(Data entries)
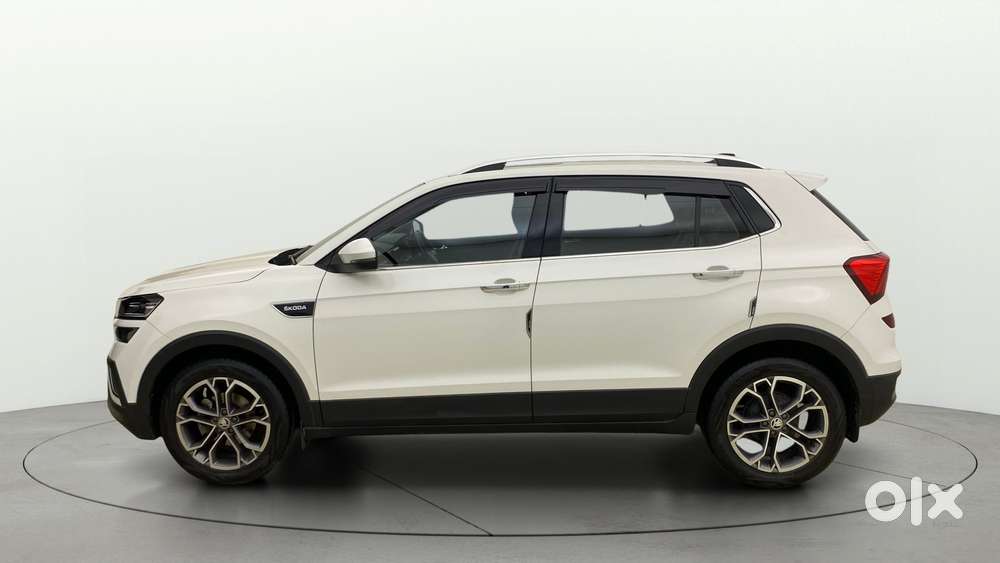 Skoda Kushaq 1.0 Tsi Style, 2021, Petrol
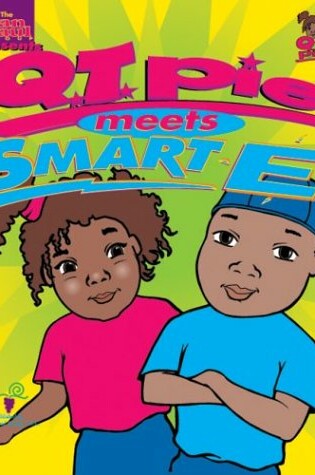 Cover of Q.T. Pie Meets Smart-E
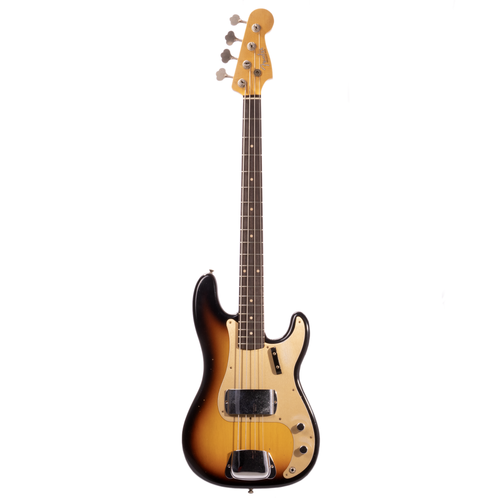 Fender Custom Shop Limited Edition '59 Precision Bass Journeyman, Fade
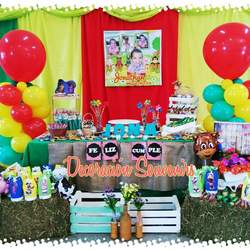 Fiesta Granja - Granja de Zenon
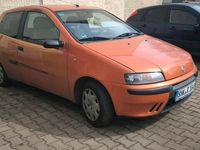 gebraucht Fiat Punto mit TÜV 11 2024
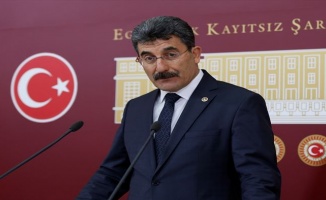 İYİ Parti'den Muhsin Yazıcıoğlu için kanun teklifi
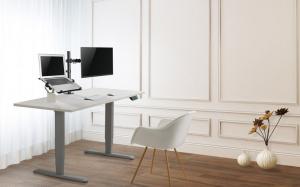 Equip Uchwyt biurkowy na monitor 13" - 27" i notebooka (650119) 5
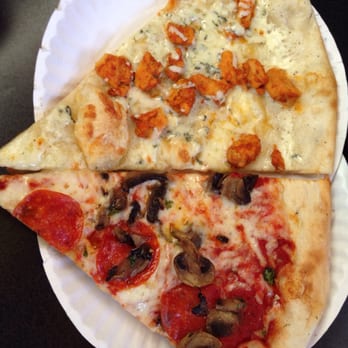 Ian’s Pizza Madison | State Street - Both flavor taste good!! - Pizza Near Me - Madison, Wisconsin Ian’s Pizza Madison | State Street - Both flavor taste good!! - Pizza Near Me - Madison, Wisconsin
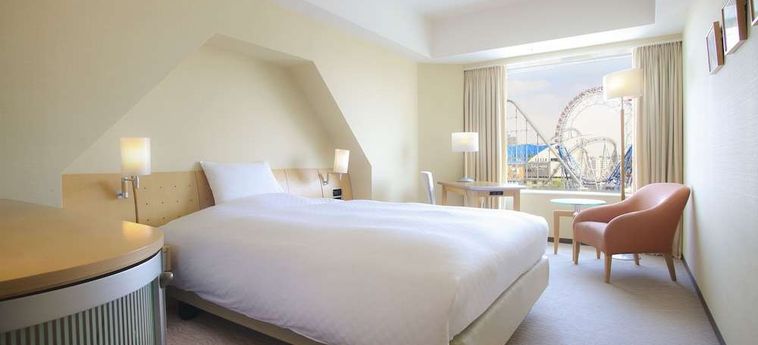 Tokyo Dome Hotel Tokyo : Photo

▶ [WHAT THIS TASK INVOLVES] Every entry, word for word: repeat it, but skip the images.

▶ [SOLUTION FOR THIS EXERCISE]
 Skoda Kushaq 1.0 Tsi Style, 2021, Petrol
 Cover of Q.T. Pie Meets Smart-E
 Fender Custom Shop Limited Edition '59 Precision Bass Journeyman, Fade
 Fiesta Granja - Granja de Zenon
 gebraucht Fiat Punto mit TÜV 11 2024
 İYİ Parti'den Muhsin Yazıcıoğlu için kanun teklifi
 Equip Uchwyt biurkowy na monitor 13" - 27" i notebooka (650119) 5
 Ian’s Pizza Madison | State Street - Both flavor taste good!! - Pizza Near Me - Madison, Wisconsin Ian’s Pizza Madison | State Street - Both flavor taste good!! - Pizza Near Me - Madison, Wisconsin
 Tokyo Dome Hotel Tokyo : Photo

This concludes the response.